It was not Mort Decker who needed to be careful, but my inherently awkward self, clambering over stacks of metal rods, stumbling constantly, battling to get the count right, hooking up the chain. I did myself innumerable minor injuries from falls and trips and generally being in the wrong place at the wrong time. The hardest thing was to remember not to be standing on the particular bundle of metal rods or railings that Mort was presently lifting. Too often I was.
“Silly bugger,” Mort would mutter as I took another nosedive.
“Cut the switches!” he shouted to the girl. One by one she snapped them off. The din of the engines died away, leaving in the cabin the hum of gyros and radio equipment, and outside the screaming tyres.

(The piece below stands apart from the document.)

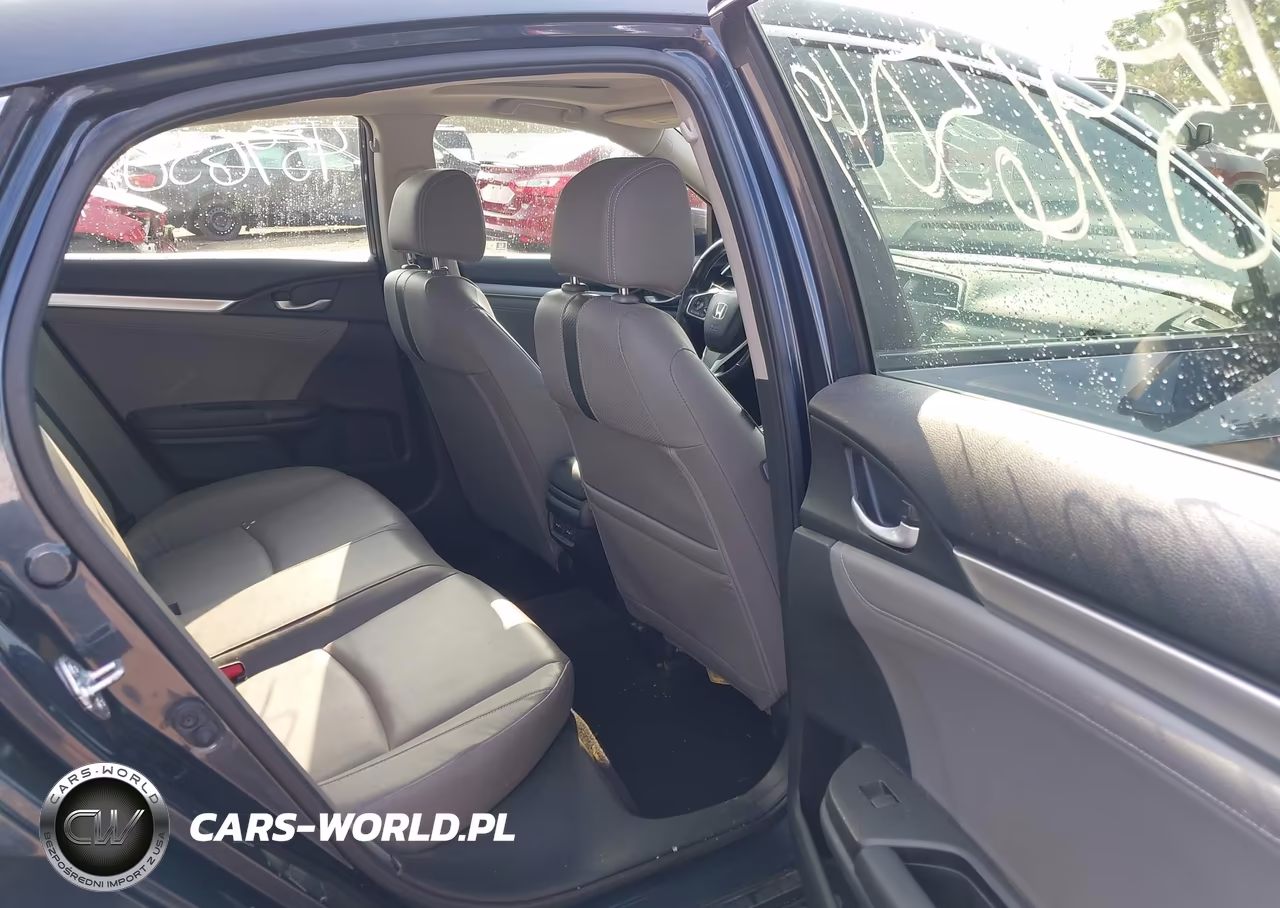 2018 Honda Civic Touring VIN:JHMFC1F93JX019744 - 8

Prentiss stared ahead in fascinated horror. With no sound of engines, the aircraft was still travelling fast, the ground leaping past them in a blur. He could see a big checker-board marking the turn at the end of the runway. In the fraction of a second his eyes registered the picture of the fire truck, its driver falling to the ground in his scramble to get away.
Treleaven’s voice burst into his ears with the force of a blow. “Ground-loop it to the left. Ground-loop it to the left!”

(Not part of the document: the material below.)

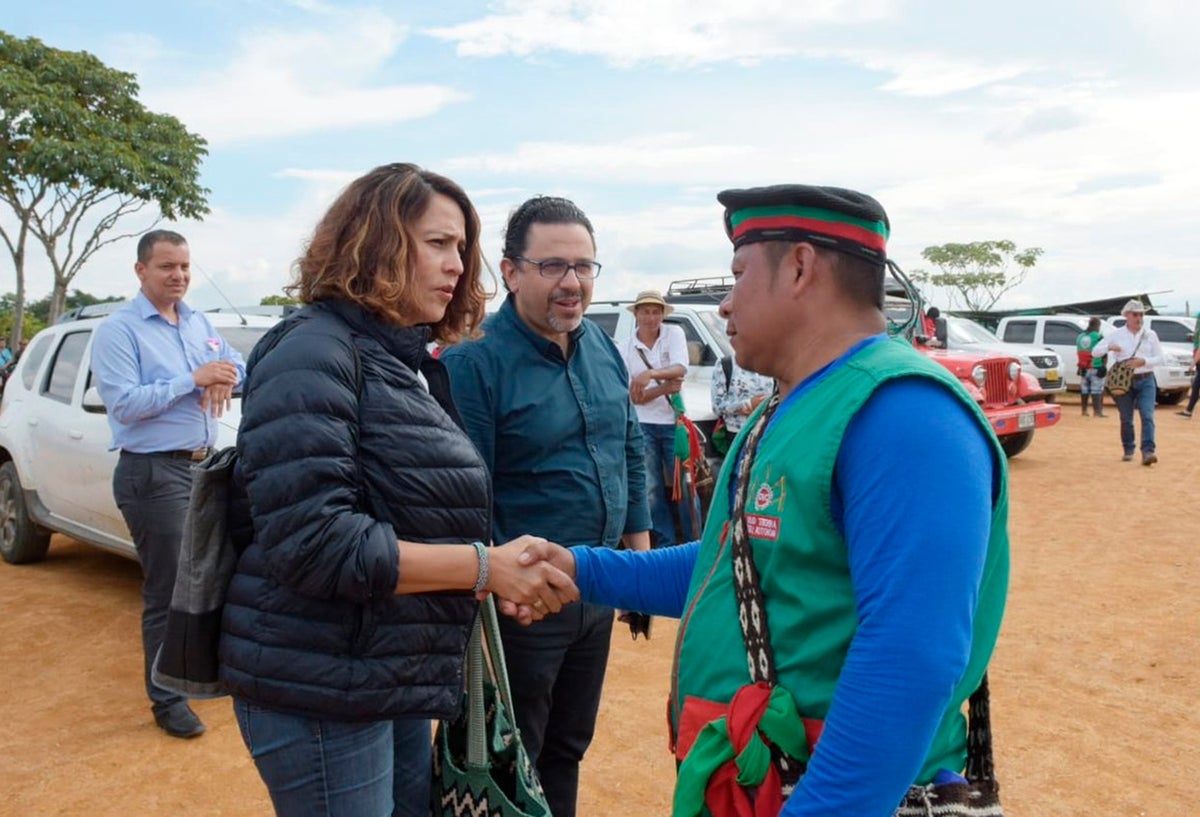 Nancy Patricia Gutiérrez, ministra del Interior, junto a un líder indígena en Cauca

Making an instantaneous decision, Prentiss put his left foot on the rubber pedal and threw all his weight behind it, pressing it forward savagely.

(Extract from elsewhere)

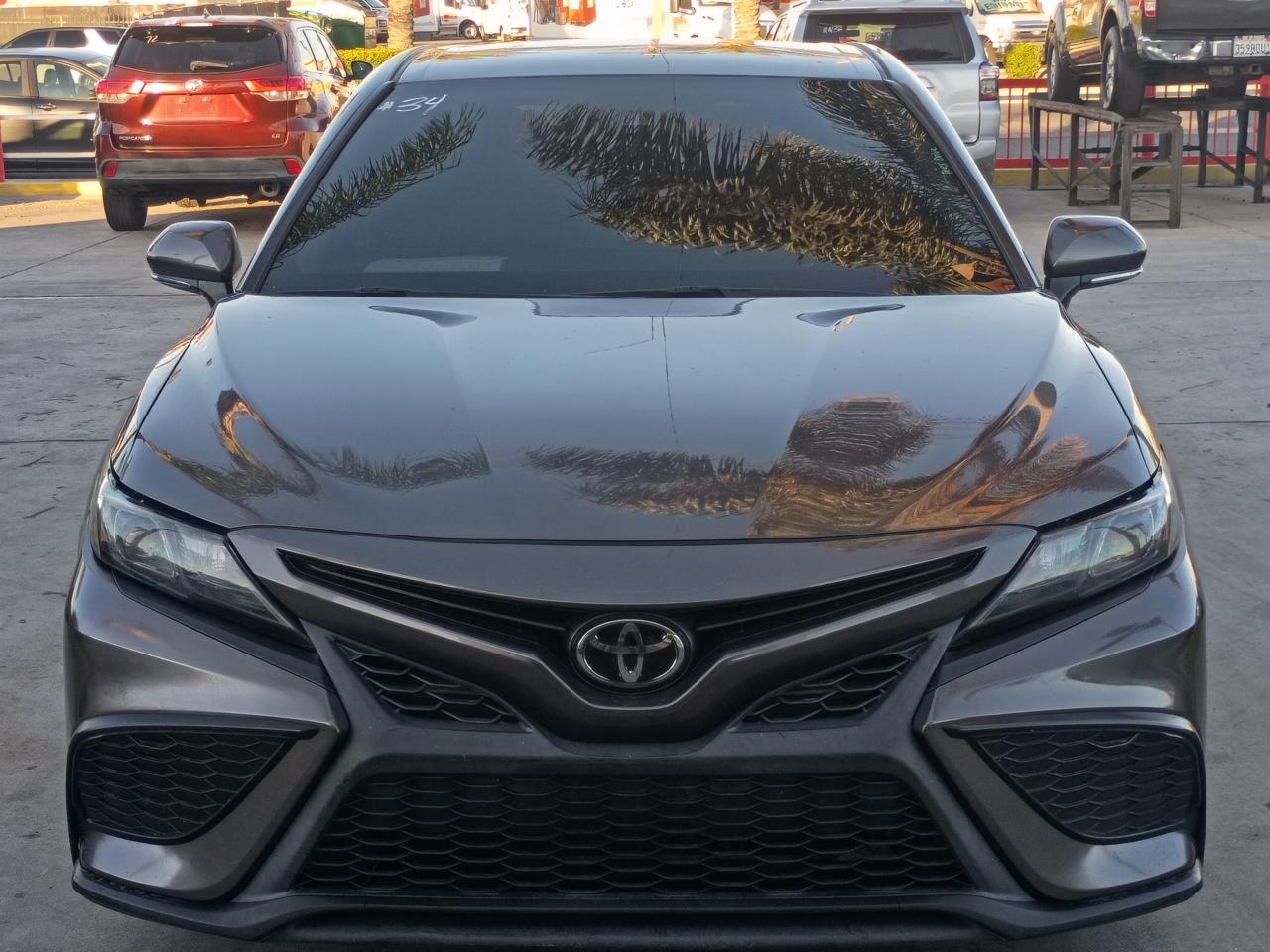 Toyota Camry SE 2022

Veering suddenly from the runway, the aircraft began to swing in an arc. Flung from one side of the seat to the other, Prentiss struggled to keep the wings clear of the ground. There was a rending volume of noise, a dazzling flash, as the undercarriage ripped away and the aircraft smashed to the ground on its belly. The impact lifted Prentiss clean from his seat. He felt a sharp pain as the seat belt bit deeply into his flesh.
“Get your head down!” he yelled. “We’re piling up!”
They say that everyone watches planes take off and land in the hope that they will get to witness a crash—unless, of course, someone they care about is aboard whereby they pray it won’t crash. I’m not so sure. I’ve witnessed a Caribou land without a nose wheel, been on two airliners that made successful forced landings, and survived a helicopter crash, and the reason I always look is to make damned sure the bloody thing isn’t going to crash on me! But I cannot deny the trill of awe, the astonishment at the magic and the shudder of fear that always sweeps through me when aircraft do their thing. And aeroplane crash stories were always big with me.
The next newspaper serialisation was of a book that became a prototype—few have been so often imitated and parodied. It’s modern version is the comedy movie Flying High, (called Airplane in USA) followed by a sequel number but this was the first and best. It differs only in that Flight into Danger (called Zero Hour! in USA) is serious. The crew of an airliner suffers food poisoning and passenger George Prentiss—with some fighter experience—takes the controls, with lovely hostess Janet beside him, while in the control tower, Captain Treleaven talks them down. You could have learned to fly from reading the book.
“George, that was probably the lousiest landing in the history of this airport...”
In such laconic style, they get down safely.
Arthur Hailey created not one but two monsters. The first was the Flying High comedies which spoofed the movie made from his serious novel. The second was the Airport movies, one a year with an increasingly preposterous airliner disaster and huge cast sitting in the seats looking stupid. Supposedly serious, these monsters were even funnier than the send-ups. The first Airport, which Hailey wrote as a novel, wasn’t all that bad. A chaotic night at a busy snow-bound airport with all manner of melodrama snaking around the characters. In the madness that followed—since both novels were attempts at serious works—you have to wonder whether Hailey was completely horrified by the outcome, or if he just threw his hands in the air and went along with the gag.